One of the most difficult pieces of information to capture in an IVR is a person's name. The problem of recognizing spoken names is similar to the problem of accurately producing spoken names (see TTS). “The first [problem] is the large set of names involved in many applications, ranging from a few thousand names to over a million in some cases. The second is the lack of standardized pronunciations for many names; each can have multiple valid pronunciations, which further increases the difficulty of the recognition task” (Davidson, McInnes, & Jack, 2004, p. 56).
When collecting a caller's name, use Speak and Spell
Davidson et al. (2004) had 95 people participate in an experiment in which they booked flights for themselves and a hypothetical friend. The name grammar included 11,926 British surnames – all names spoken in the experiment were in grammar. The primary experimental variable was the method for collecting the name, with three conditions – Speak Only (“Please say your surname.”); One Stage Speak and Spell (“Please say then spell your surname.”); and Two Stage Speak and Spell (“Please say your surname,” then, after collecting the spoken surname, “How do you spell that?”). The grammar allowed callers to use “double” (as in “double-B”) and in the one-step condition to use linking words such as “spelled” or “that's” (“Smith spelled S M I T H”). The table below shows their results for mean attitude rating, percentage successful task completions, and percentage preferring the method (for all variables, higher scores are better).

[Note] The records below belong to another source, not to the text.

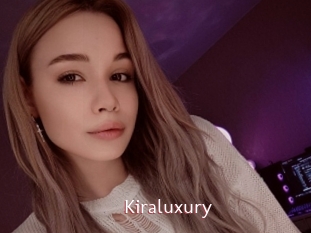 Kiraluxury
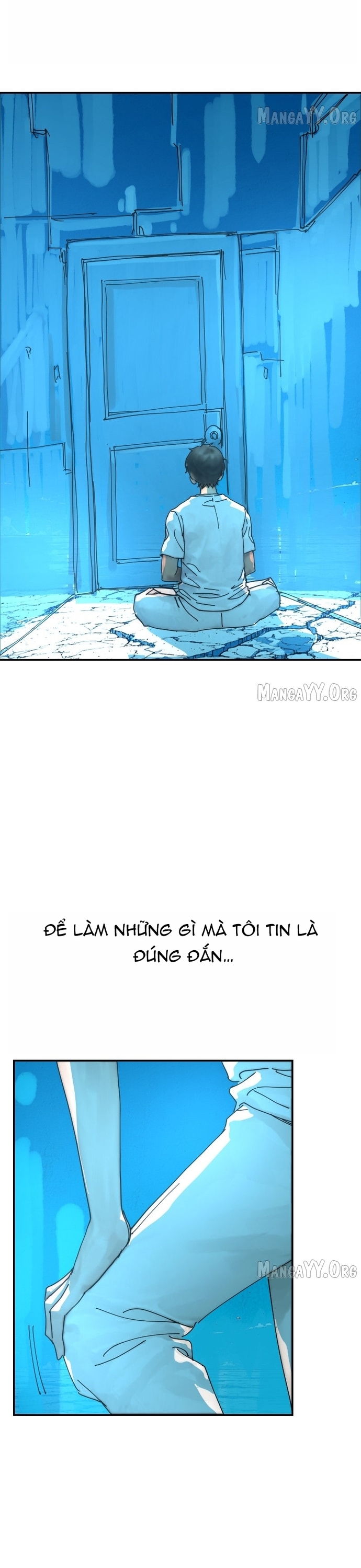 Chương 35 - Trang 31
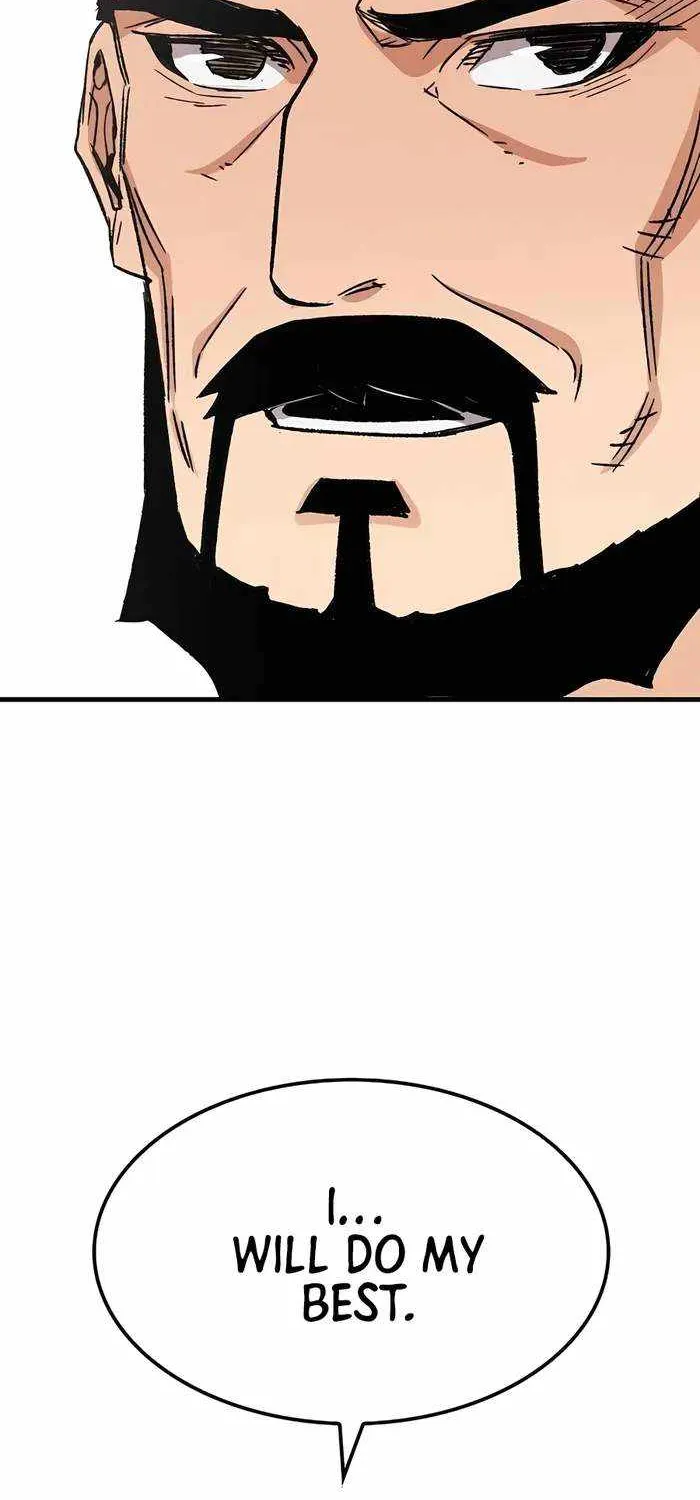 Reincarnation Of The Heavenly Demon Chapter 30 page 39 - 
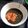 Mosunmola Adefemi's cooksnap of when they made Ewedu.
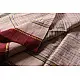 shop handloom narayanpet cotton Checks saree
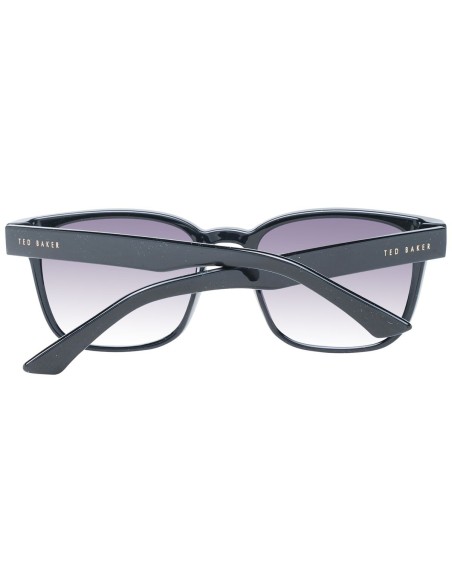 gafas_de_sol_hombre_ted_baker_tb1635_52001_4894327480630_promocion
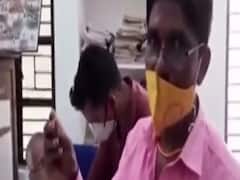 MP: Labour finds diamond worth Rs 30 Lakh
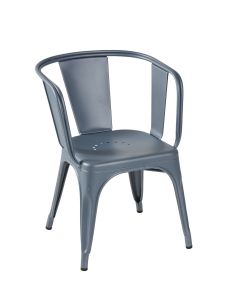 Fauteuil D Ral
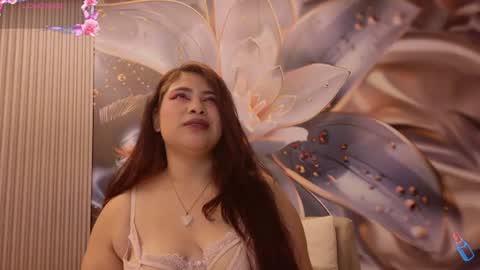 rouxinferno_cr online show from July 9, 2026, 3:32 am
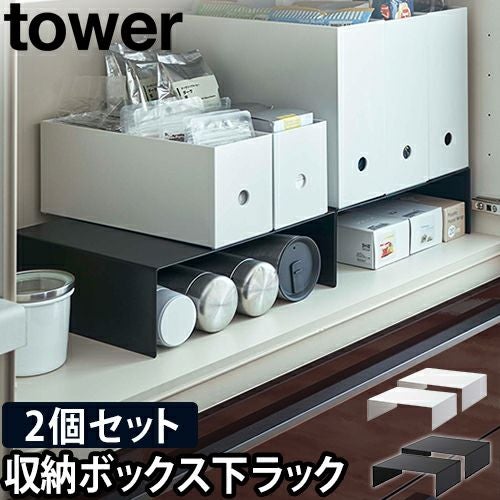 000000007199-01.jpg?size=l&w=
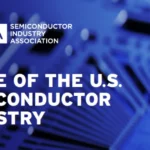 semiconductor-industry-soars-to-unprecedented-heights-with-ai-infrastructure-propelling-global-market-towards-1-5-trillion-valuation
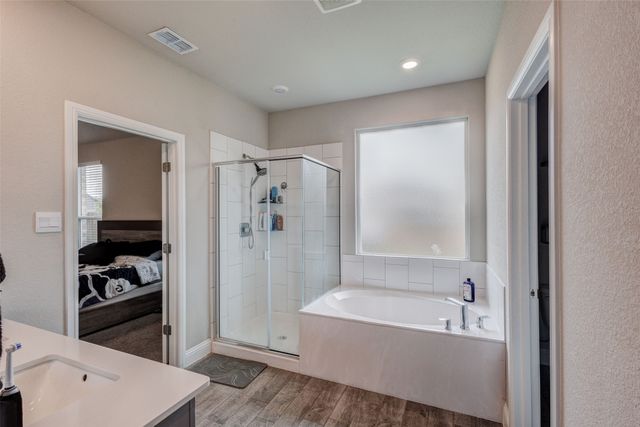 1513 Woodpecker Street, Denton, TX 76205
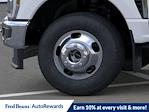 2026 Ford F-350 Crew Cab DRW 4WD Pickup for sale #1119W3D - photo 19
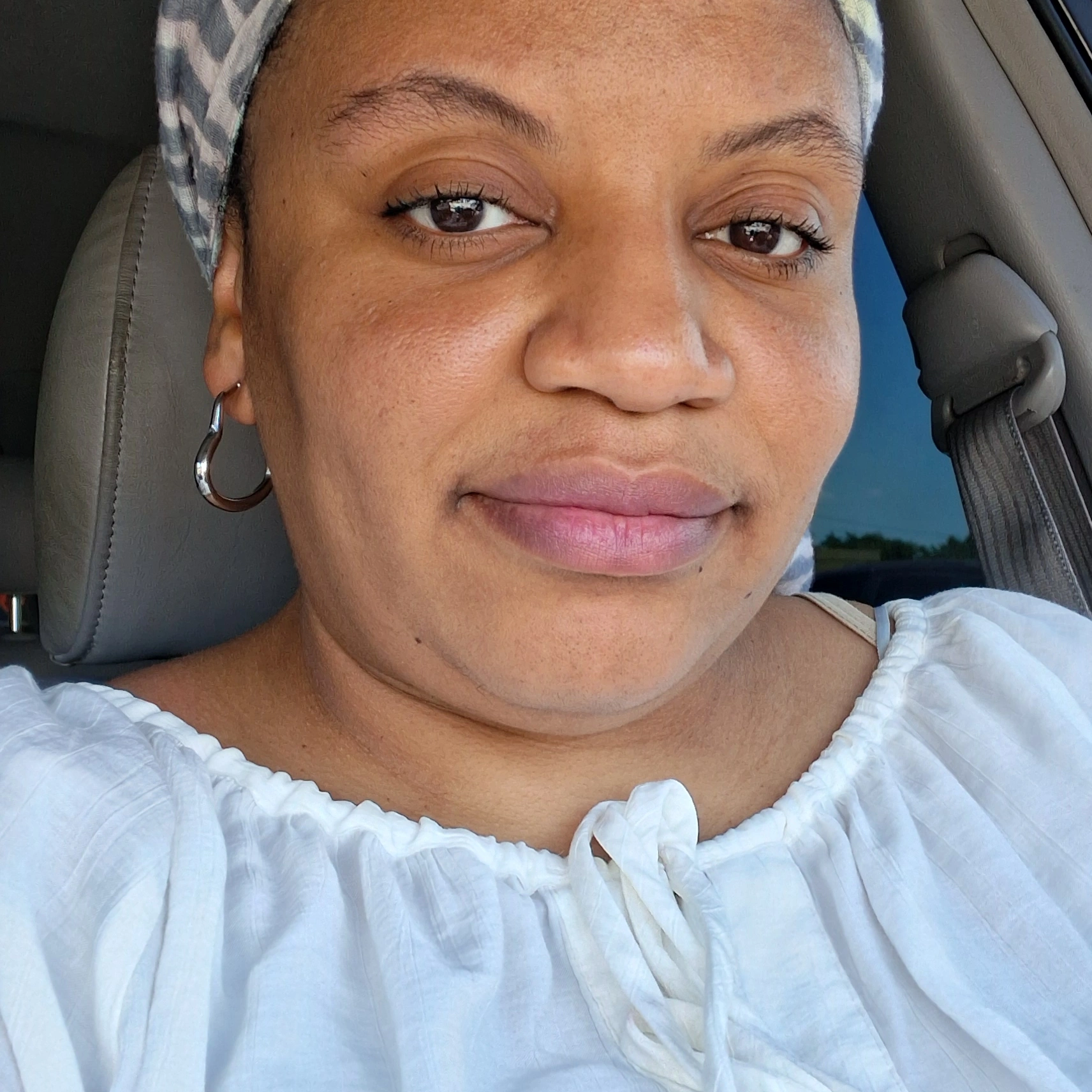 Hajira H.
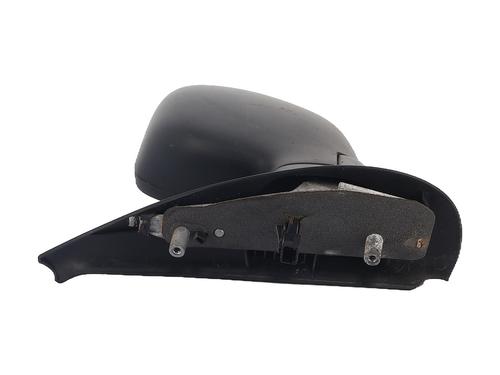 Left mirror RENAULT KANGOO / GRAND KANGOO II (KW0/1_) 1.5 dCi 90 (KW05, KW08, KW0G, KW11) | BP29213839C26 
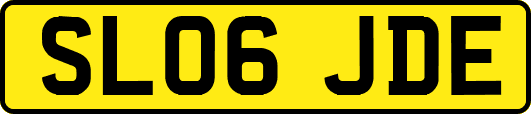 SL06JDE
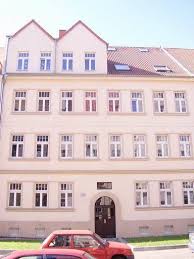 Finden sie ihr neues zuhause auf athome. 4 Zimmer Wohnung Zu Vermieten Gotzkowskystr 16 04179 Leipzig Neulindenau Mapio Net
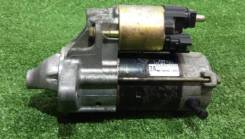  Toyota 4a, 5a, 7a  6 ,  2810016160 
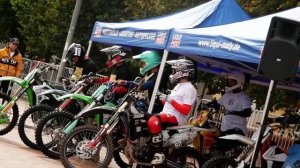 Репост. СК Полет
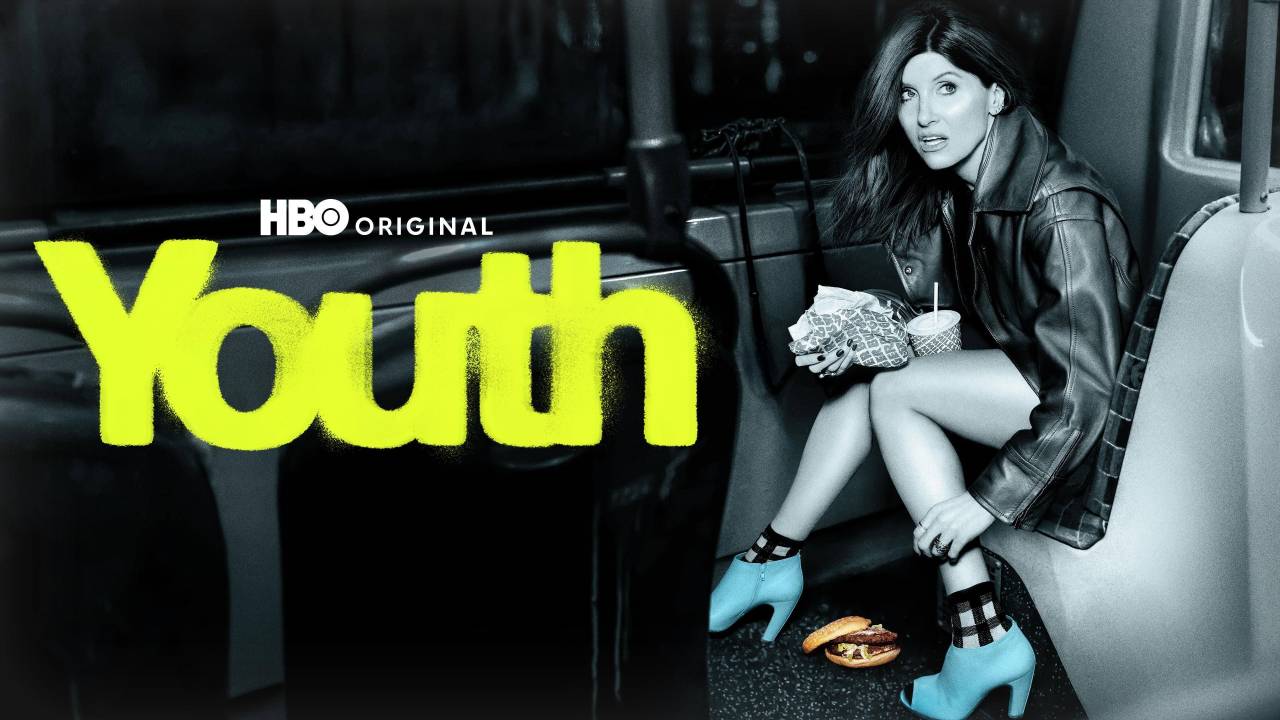 Youth hdfilme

For efficiency, prefer one step Speak and Spell, but if there are recognition problems, consider using two steps
The data showed a clear advantage for Speak and Spell over Speak Only, but no statistically significant difference between the two Speak and Spell methods (although there was a slight completion rate and preference advantage for the One Stage version).
Collect first and last names in separate dialog steps
In a usability evaluation reported by Damper and Gladstone (2007), callers found it difficult to spell their first and last names in the same step (“William W I L L I A M Jones J O N E S”), so it is probably wise to collect first and last names in separate dialog steps.
When verifying a name, limit the number of names in the name verification grammar
Sometimes you don't need to capture a name, you just need to verify it. For name verification, there are ways to limit the number of names in the grammar to improve recognition. For example, if there is some type of authentication process before the IVR has to verify a name, the grammar can be built dynamically, using the name returned from the authentication process. If necessary, the grammar can contain other “filler” names to prevent random utterances from being falsely accepted as the real name in the grammar. There are systems in operation, however, where the only item in the grammar is the target name, with the acceptance confidence level tuned to achieve an acceptable level of accuracy.
Damper, R. I., & Gladstone, K. (2007). Experiences of usability evaluation of the IMAGINE speech-based interaction system. International Journal of Speech Technology, 9, 41–50.
Davidson, N., McInnes, F., & Jack, M. A. (2004). Usability of dialogue design strategies for automated surname capture. Speech Communication, 43, 55–70.